While Georgia banks have struggled, especially in the 2006 to 2010 time frame, their basic business model remains the same. Their primary, and by far their most significant, revenue driver is interest income from loans.
Banks simply must lend money in some form or fashion to survive. The State and Federal Regulatory Agencies have altered their ability to lend money, no doubt. So what does that mean for small business borrowers?
It means that small business borrowers must become better educated in the new way of banking, and the new way of borrowing. Quite frankly, many of the small businesses we work with at the SBDC offices throughout the state, are simply not prepared to borrow.
Banks go through a process of underwriting to determine whether or not they want to lend money, and each loan opportunity is unique. Lenders, simply put, are in the business of managing the risk for their employees, customers, shareholders and other stakeholders, each time they consider a request.
They do this by examining financial information of borrowers, holding personal interviews with borrowers, making site visits with borrowers, simply to gain as much knowledge as they can about the loan request.
Bankers are looking to assess 1) primary source of repayment, or, the available cash generated by the business/entity making the request 2) Secondary source of repayment by the business/entity such as collateral, other source of income/cash flow, or other guarantor/co-signer with assets or ability to repay.
As a former small business banker with both regional banks and local banks in Georgia for 12 years, I go back to my fundamental credit training I received from some very talented and experienced commercial lenders. I also take time regularly to visit and work with our middle Georgia bankers, learning from them, and assisting many of their customers in various areas of their business.
Please allow me to share some advice regarding the borrower/lender relationship, and how small business borrowers should better prepare for a loan:
• Establish a relationship with a lender. If one has not been established, start working on it now. The lending business is a relationship business, period.
• Provide accurate and timely financial statements, monthly, or perhaps quarterly, and most certainly at year end. Usually a Profit and Loss, or Income Statement, accompanied by a current Balance Sheet will suffice. In most cases, it is simply not enough to provide tax returns at year end.
• Make sure the statements are accurate, get a bookkeeper or CPA to review, if they are internally prepared.
• If needed, get some help to learn the basics of what a revenue item is, what an expense item is, what an asset is, and what a liability is. As a small business owner and potential borrower, having a general knowledge of this information could save the business; it will give the lender the confidence of knowing that the borrower/owner is in control of the business, and more importantly, that he or she understands how the business makes money.
• Learn what “Debt Service Coverage” means and how it’s calculated. It will be calculated by the lender, period.
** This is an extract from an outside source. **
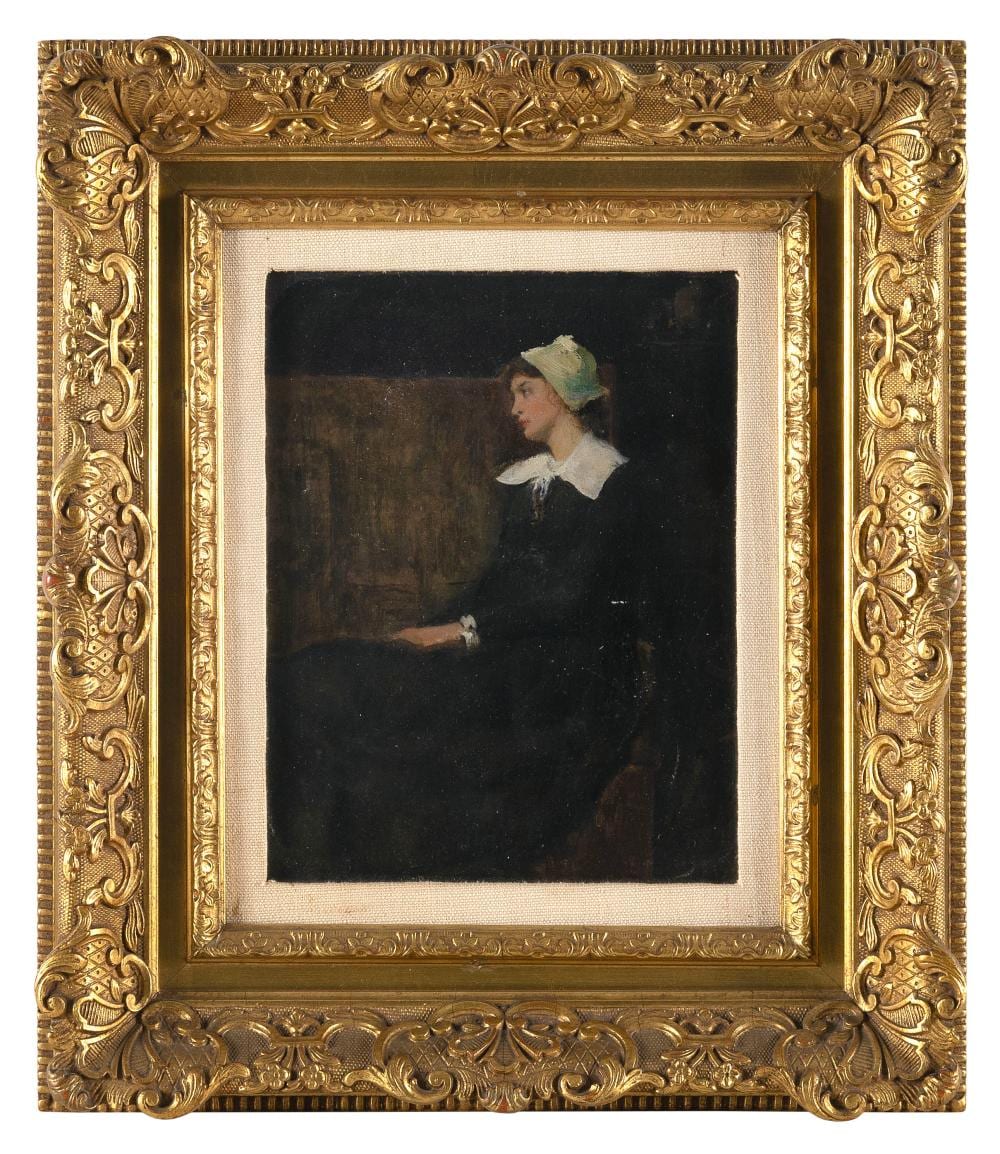 Douglas Volk comparable auction result: douglas volk new york minnesota maine massachusetts 1856 1935 profile portrait of a seated woman oil on board 10 x 8 framed 15 5 x 13 5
• Provide a secondary source of repayment. If “hard assets” such as real estate or equipment or rolling stock aren’t available by the business or owner personally, seek help from another party that can offer collateral, or perhaps sign on the debt.
• Don’t expect the lender to bear all of the risk. A loan is simply an investment by a lender in the business. They do not want to own the business; they simply want their money back, with interest. Share in that investment with them. Anticipate the need for a cash or asset injection.
• Clearly demonstrate the purpose of the needed funding.
• Understand proper loan structure and/or terms. For example, money borrowed for hard asset purchases needs to have an amortizing term, meaning that the borrower will pay principal and interest payments from the start, reducing the debt as the asset depreciates. Money needed to acquire inventory, or provide short term cash to fund accounts receivable, should be on a revolving term, and should be paid back fully as that inventory is sold and cash is collected.
Finally, it is a much more difficult environment in which banks operate, and their standards for analyzing credit, grading and booking loans have changed. But it is a responsibility of each potential borrower to become more educated about what is now necessary to be considered a qualified borrower. Banks want to lend us money, we need to help them do it.